A completely different situation is evident with regard to innovation, where there is no easy method of measuring it, such as Google searches, IBM’s Watson database, or other databases. In fact, for many years, there was no database on innovation.
Today, one can search the internet for “innovation.” However, what comes out of such a search is less than adequate. Whether you use search engines or AI, the result is highly dependent on the quality of the data. If you, for instance, google “innovation,” you will receive no less than 2,150 million hits. You can reduce this by a factor of 31 if you search for “innovation water pumps,” which results in only 68.5 million hits. The number can be further dramatically by searching for start-ups within this field, recognizing that much modern innovation comes from start-ups.
Interestingly, a number of platforms have recently emerged that offer access to innovations developed by start-ups. As significant amounts of data are collected on these platforms, we see a new industry developing that revolves around digital platforms for data-driven innovation. One of the major advantages of digital platforms is that they extend the search for start-ups and innovation beyond firms’ own collaborators. While open innovation is typically conducted in collaboration with close counterparts like suppliers and customers, data-driven innovation platforms search for innovative start-ups all over the world. As such, they move open innovation to a new level, where the search for innovation becomes global
Therefore, we need to take a closer look at this type of platform. One underlying rationale for building these platforms lies in the obvious advantages of collaboration between corporations and start-ups, which are captured in the table below.
As illustrated in the table, complementarity exists between innovation, resources, customers, and scale. Corporations have what start-ups lack and start-ups have what corporations need. How should this general match be supported?
The answer to this question was blowing in the wind for several years during which experiments were launched with a number of modalities, such as start-up events, incubator and accelerator programs, direct investments, partial investments, and M&A activities. Most of these initiatives were introduced by corporations. However, none of them were data driven.
Finding the “right” piece of innovation is sometimes like finding a needle in a haystack. Such exercises are not easy and they are often more emotional than rational, especially when the traditional modalities are utilized.
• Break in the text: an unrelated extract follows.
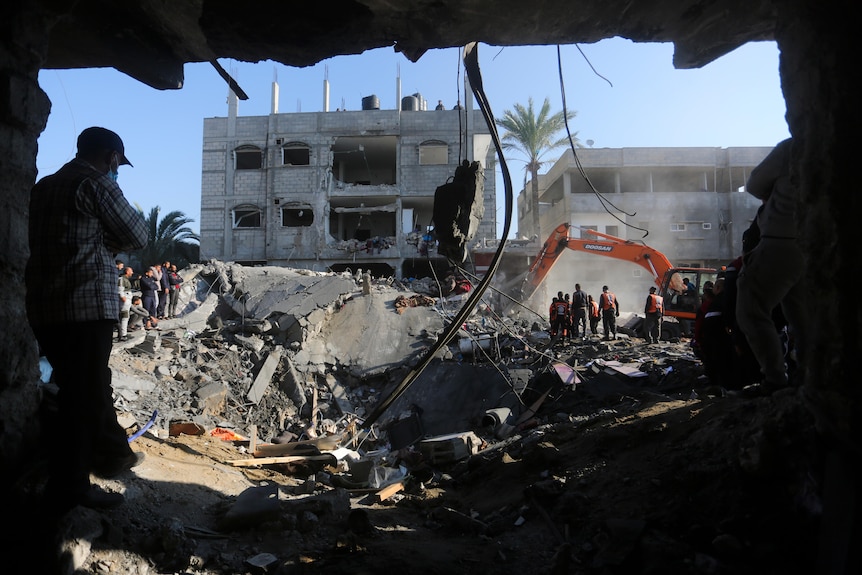 Palestinians search for survivors after the Israeli bombardment of the Gaza Strip.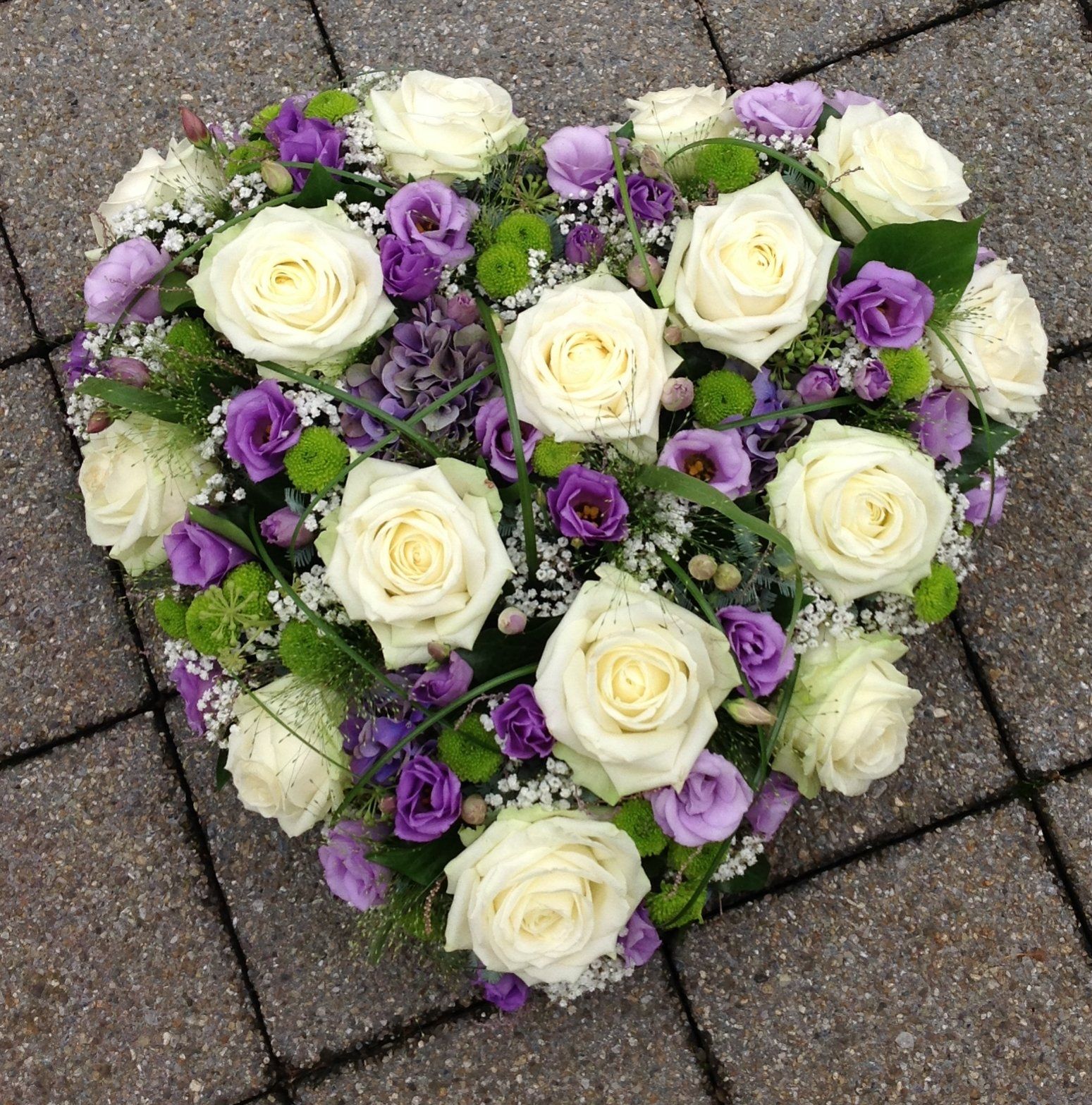 Ein herzförmiges Arrangement aus weißen und violetten Rosen auf einem gepflasterten Gehweg.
Therefore, it is only natural that a number of digital platforms have emerged in order to untie the Gordian knot of matching the different qualifications of corporations and start-ups.
One of many advantages of relying on digital platforms is speed. While some traditional methods may be cumbersome and time consuming, it is easier and faster to undertake searches using qualified databases. Speed here goes hand in hand with effectiveness. Instead of contacting a limited and serendipitously selected number of start-ups located nearby, corporations can search among millions of starts-ups globally and in real time.